What is 'Smart Beta'
Smart beta defines a set of investment strategies that emphasize the use of alternative index construction rules to traditional market capitalization based indices. Smart beta emphasizes capturing investment factors or market inefficiencies in a rules-based and transparent way. The increased popularity of smart beta is linked to a desire for portfolio risk management and diversification along factor dimensions as well as seeking to enhance risk-adjusted returns above cap-weighted indices.
BREAKING DOWN 'Smart Beta'
Investment managers that follow a smart beta investment strategy seek to passively follow indices, while also taking into account alternative weighting schemes such as volatility. That's because smart beta strategies are implemented like a typical index strategies in that the index rules are set and transparent. Smart Beta strategies will differ from standard indices, such as the S&P 500 or the Barclays Aggregate, in that the indices focus on areas of the market that offer an opportunity for exploitation.
Since the manager is implementing the strategy in a passive index way, this type of investment approach is estimated to cost less than active investment management, and likely to cost marginally more than traditional market-cap weighted index management. The goal of smart beta is to obtain alpha, lower risk or increase diversification in a more cost-effective manner.
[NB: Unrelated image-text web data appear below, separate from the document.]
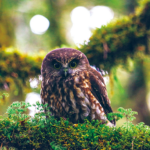 【風の便り】ニュージーランドの野生鳥類と大自然に魅せられて！新入社員が綴る「五感で感じる旅」への想い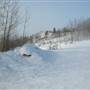 Yukon Wildlife Preserve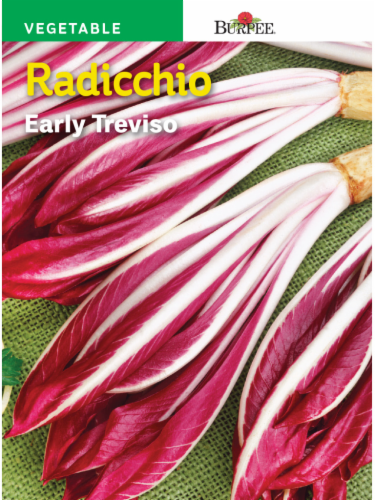 Radicchio Early Treviso - Burpee Seeds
There is no single approach to developing a smart beta investment strategy, as the goals for investors can be different based on their needs, though some managers are prescriptive in identifying smart beta ideas that are value creating and economically intuitive. Equity smart beta seeks to address inefficiencies created by market-capitalization-weighted benchmarks. Managers may take a thematic approach to managing this risk by focusing on mispricing created by investors seeking short-term gains.
A risk-weighted approach to smart beta involves the establishment of an index based upon assumptions of future volatilities. This may involve an analysis of historical performance and the correlation between an investment's risk relative to its return. The manager must evaluate how many assumptions he or she is willing to build into the index, and can approach the index by assuming a combination of different correlations.